Alabanza has previously spoken out about media attacks on the trans community and being refused entry to changing rooms.

“Conversations around transness gets so quick to bathrooms and changing rooms that it’s never actually talking about what it means to be trans.

“There’s this kind of pretend that we’re creating a good space of visibility but actually what we’re creating is this kind of lion pit where we throw trans people in and watch them be torn to shreds for entertainment.

“All these pertinent issues get washed away in this fake fear created by transphobic people, TERFs and so-called feminists.”

Alabanza, originally from Bristol, is a performer and author of a chapbook that documents their experience of being a visible trans person in public.

“For me, my art was always a way of reclaiming the space that I wasn’t allowed in public,” they said.

Alabanza opens up about being harassed on public transport (PinkNews)

“People often talk about being a different person on stage, but for me going on stage was about being the person I couldn’t be on the streets.”

Alabanza opened up about the constant harassment trans people face using public transport – including their experience on a bus the day before our interview.

“What happens when we see gender non-conforming people outside is we victim-blame them for the violence we experience.

“It permeates into your whole life – many trans people I know suffer [from] severe anxiety, mental health issues, spend loads of money on private transport just to feel safe.”

What transphobia ignores, Alabanza explained, is that liberation for transgender people would be a win for people of all genders.

“We need to start realising that at the core of trans liberation, is liberation for all of us,” they said.

Alabanza told PinkNews they had been laughed at on public transport (PinkNews)

“When we create a society where trans people are free, people of all genders and gender expressions – cis and trans or neither – will be free.

“Gender is a violent construct that has been assigned to people without consent.

“When we liberate trans people, we’re actually giving people autonomy and it benefits all of society.

“I often think about the moment where boys painting their nails when they’re younger stops being cute and starts becoming an offence – when it stops being something clapped at the dinner table, and starts becoming something that we should hide.”

Alabanza felt uncomfortable being labelled a boy or a man from a young age, and finding the terms non-binary and genderqueer gave them a sense of freedom to play with gender.

They explained: “I really appreciate these terms because it really leaves things open for me, it tells me that some days I can be full of gender and other says I can be empty of it.

“There’s so many more possibilities than just man or woman.”

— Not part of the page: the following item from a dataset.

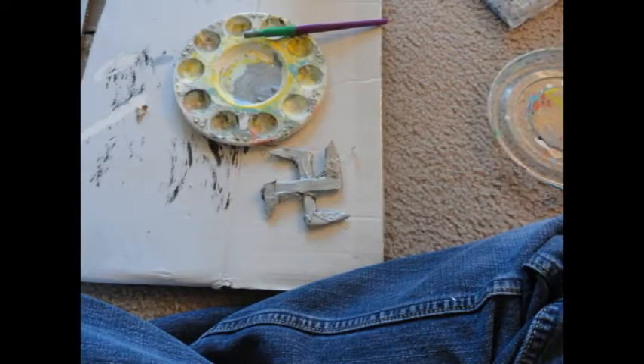After that you will have to paint the shuriken. I painted mine silver, and this is what it looks like while it's in the drying process.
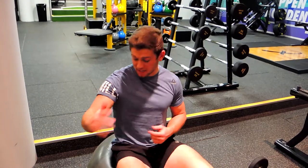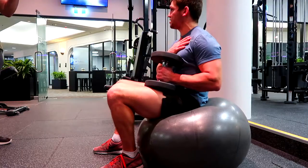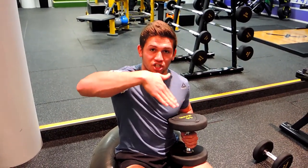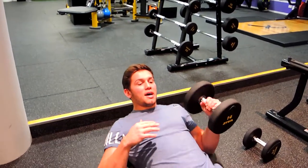This is a single arm dumbbell Swiss ball press. Grab a dumbbell on one side — always start with the least dominant side, so for me that's left. Set yourself in either a flat or incline position depending on what is prescribed, keeping your chest up nice and high.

Playing with gender isn’t just about identity politics, it’s fun, too, Alabanza added.

Playing with gender is fun, said Alabanza (PinkNews)

“Clothes and my way of fashion is about me making a joke of gender.

“For me, personally, my gender can be a freaking pineapple earring one day – it’s about saying if the world is going to laugh at me when I go outside, let me have a laugh too.

“It’s funny because I’m often compared to a drag queen as if that’s some kind of insult – I know for some people that comparison is a really starch line – but for me I see it as we’re all performing when we go outside, so I’m just going to put on the best show.

“I love patterns and I love colour, and it’s so funny because cis straight people say we’re the ones who are oppressed but if you look at their fashion, they’re so boring.

“I can’t believe they think ‘woe is us, trans people,’ when actually trans aesthetic is the most exciting thing happening on the streets.”